White House Press Secretary Sean Spicer says the U.S. is condemning the “reprehensible” attack on the St. Petersburg subway that killed 10 people and injured about 40.
Spicer said: “Our thoughts and prayers are with the injured and with the Russian people,” after a bomb blast tore through a subway train in Russia’s second-largest city Monday.
Spicer says the U.S. is prepared to offer assistance to Russia.
He said, “Attacks like these on ordinary citizens just going about their lives remind us that the world must work as one to prevent violence in all forms.”
Trump earlier denounced the attack as “absolutely a terrible thing.”
There has been no immediate claim of responsibility for the attack.
The bombing of the subway train has drawn wide condemnation from Moscow’s friends and foes.
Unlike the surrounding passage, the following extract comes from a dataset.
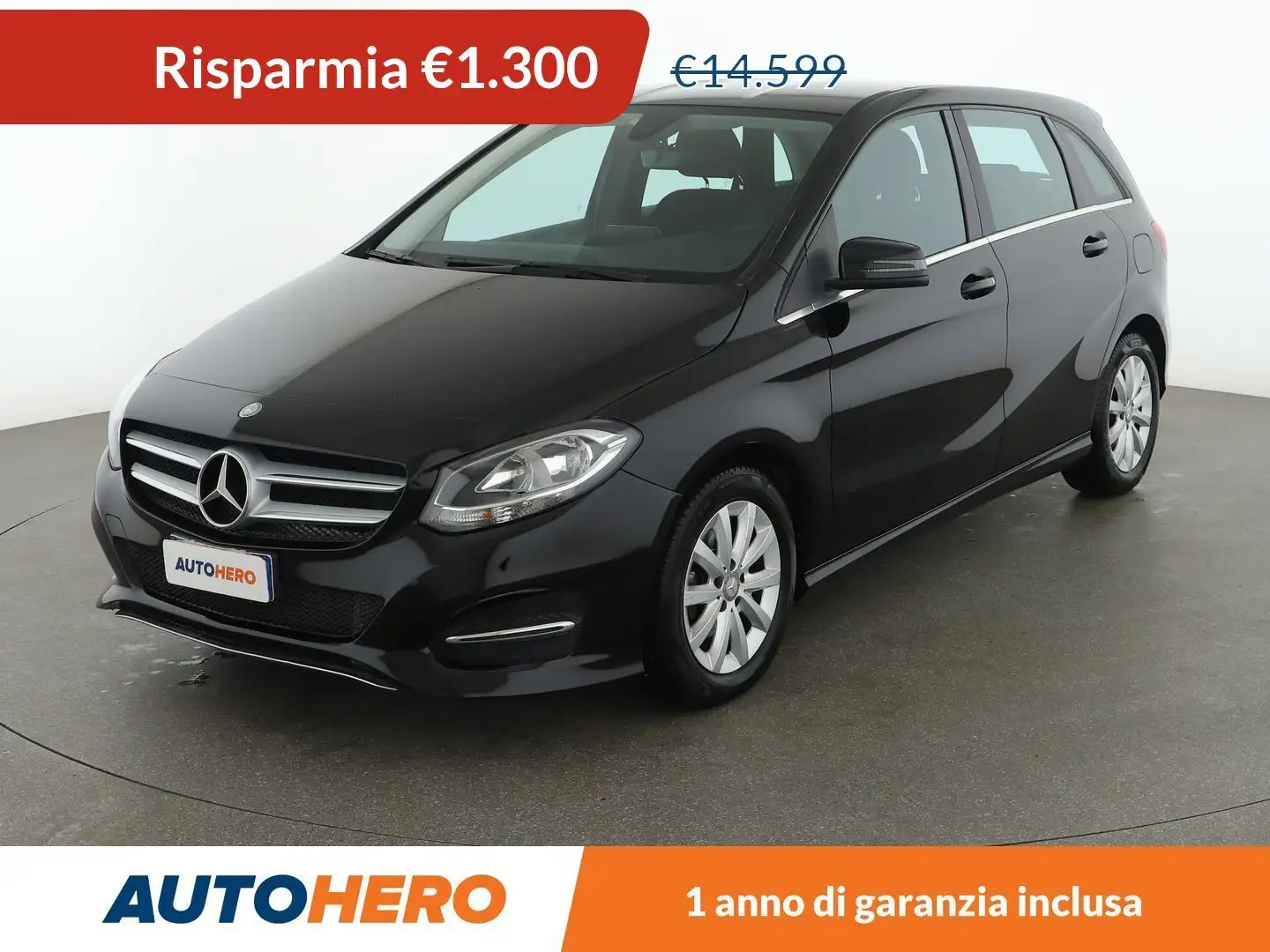 Mercedes-Benz B 180 B 180 CDI Executive Fekete - 1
Iran’s Foreign Ministry Spokesman Bahram Ghasemi said killing innocent people “is the most humiliating act for achieving political goals.”
Lebanon’s militant Hezbollah group, which is backing Syrian President Bashar Assad’s forces along with Russia, says the incident was the type of “terrorism” Russia was fighting in Syria.
U.N. Secretary-General Antonio Guterres said those responsible for the bombing must be held accountable.
EU foreign policy chief Federica Mogherini sent a condolence message to Russian Foreign Minister Sergei Lavrov, saying she and her colleagues were following the news from St. Petersburg “with a lot of apprehension.”
French Foreign Minister Jean-Marc Ayrault says nation would “stand by all those who suffer.”